### Task goal
In the material below, find the line containing "Healthy lunch plate" and the line containing "3'lü Kristal Şamdan", then reproduce exactly both of them and every line between, and nothing else.

### Supplied data
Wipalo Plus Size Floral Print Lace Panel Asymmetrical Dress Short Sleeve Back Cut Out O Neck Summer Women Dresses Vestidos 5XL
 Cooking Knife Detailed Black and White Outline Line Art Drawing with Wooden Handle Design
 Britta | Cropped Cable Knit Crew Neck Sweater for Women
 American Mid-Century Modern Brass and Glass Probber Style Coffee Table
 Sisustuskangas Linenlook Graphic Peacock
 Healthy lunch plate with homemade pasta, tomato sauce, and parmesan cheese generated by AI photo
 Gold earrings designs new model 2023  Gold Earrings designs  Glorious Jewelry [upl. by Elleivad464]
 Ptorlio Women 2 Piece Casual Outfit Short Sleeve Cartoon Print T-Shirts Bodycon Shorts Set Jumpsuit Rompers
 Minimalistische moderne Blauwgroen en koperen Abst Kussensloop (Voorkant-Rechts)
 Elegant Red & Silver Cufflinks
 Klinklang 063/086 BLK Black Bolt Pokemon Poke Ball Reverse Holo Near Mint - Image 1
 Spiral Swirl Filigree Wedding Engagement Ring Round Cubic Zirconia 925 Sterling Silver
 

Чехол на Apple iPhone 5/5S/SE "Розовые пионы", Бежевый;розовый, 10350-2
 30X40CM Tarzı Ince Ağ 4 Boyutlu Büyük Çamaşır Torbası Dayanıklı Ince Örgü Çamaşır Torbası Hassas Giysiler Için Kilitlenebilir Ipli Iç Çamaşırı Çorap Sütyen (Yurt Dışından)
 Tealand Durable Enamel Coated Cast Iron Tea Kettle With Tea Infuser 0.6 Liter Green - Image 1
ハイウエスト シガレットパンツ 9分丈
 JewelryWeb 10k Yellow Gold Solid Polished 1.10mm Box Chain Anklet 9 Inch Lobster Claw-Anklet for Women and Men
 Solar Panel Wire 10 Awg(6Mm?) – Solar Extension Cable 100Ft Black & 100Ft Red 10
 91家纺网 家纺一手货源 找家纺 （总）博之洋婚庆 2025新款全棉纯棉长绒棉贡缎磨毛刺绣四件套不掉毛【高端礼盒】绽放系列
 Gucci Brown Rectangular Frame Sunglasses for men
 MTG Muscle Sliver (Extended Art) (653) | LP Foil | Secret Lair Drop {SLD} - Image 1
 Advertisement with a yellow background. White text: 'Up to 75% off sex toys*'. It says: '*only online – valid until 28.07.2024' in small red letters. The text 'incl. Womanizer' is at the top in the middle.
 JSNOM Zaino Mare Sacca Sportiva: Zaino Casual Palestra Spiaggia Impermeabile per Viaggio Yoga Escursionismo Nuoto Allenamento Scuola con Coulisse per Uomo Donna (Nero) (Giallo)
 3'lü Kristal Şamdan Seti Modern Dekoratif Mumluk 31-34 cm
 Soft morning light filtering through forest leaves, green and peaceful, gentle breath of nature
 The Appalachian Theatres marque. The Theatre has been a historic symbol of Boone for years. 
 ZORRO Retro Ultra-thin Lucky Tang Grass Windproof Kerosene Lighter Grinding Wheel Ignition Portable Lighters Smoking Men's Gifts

### Output for this task
 Healthy lunch plate with homemade pasta, tomato sauce, and parmesan cheese generated by AI photo
 Gold earrings designs new model 2023  Gold Earrings designs  Glorious Jewelry [upl. by Elleivad464]
 Ptorlio Women 2 Piece Casual Outfit Short Sleeve Cartoon Print T-Shirts Bodycon Shorts Set Jumpsuit Rompers
 Minimalistische moderne Blauwgroen en koperen Abst Kussensloop (Voorkant-Rechts)
 Elegant Red & Silver Cufflinks
 Klinklang 063/086 BLK Black Bolt Pokemon Poke Ball Reverse Holo Near Mint - Image 1
 Spiral Swirl Filigree Wedding Engagement Ring Round Cubic Zirconia 925 Sterling Silver
 

Чехол на Apple iPhone 5/5S/SE "Розовые пионы", Бежевый;розовый, 10350-2
 30X40CM Tarzı Ince Ağ 4 Boyutlu Büyük Çamaşır Torbası Dayanıklı Ince Örgü Çamaşır Torbası Hassas Giysiler Için Kilitlenebilir Ipli Iç Çamaşırı Çorap Sütyen (Yurt Dışından)
 Tealand Durable Enamel Coated Cast Iron Tea Kettle With Tea Infuser 0.6 Liter Green - Image 1
ハイウエスト シガレットパンツ 9分丈
 JewelryWeb 10k Yellow Gold Solid Polished 1.10mm Box Chain Anklet 9 Inch Lobster Claw-Anklet for Women and Men
 Solar Panel Wire 10 Awg(6Mm?) – Solar Extension Cable 100Ft Black & 100Ft Red 10
 91家纺网 家纺一手货源 找家纺 （总）博之洋婚庆 2025新款全棉纯棉长绒棉贡缎磨毛刺绣四件套不掉毛【高端礼盒】绽放系列
 Gucci Brown Rectangular Frame Sunglasses for men
 MTG Muscle Sliver (Extended Art) (653) | LP Foil | Secret Lair Drop {SLD} - Image 1
 Advertisement with a yellow background. White text: 'Up to 75% off sex toys*'. It says: '*only online – valid until 28.07.2024' in small red letters. The text 'incl. Womanizer' is at the top in the middle.
 JSNOM Zaino Mare Sacca Sportiva: Zaino Casual Palestra Spiaggia Impermeabile per Viaggio Yoga Escursionismo Nuoto Allenamento Scuola con Coulisse per Uomo Donna (Nero) (Giallo)
 3'lü Kristal Şamdan Seti Modern Dekoratif Mumluk 31-34 cm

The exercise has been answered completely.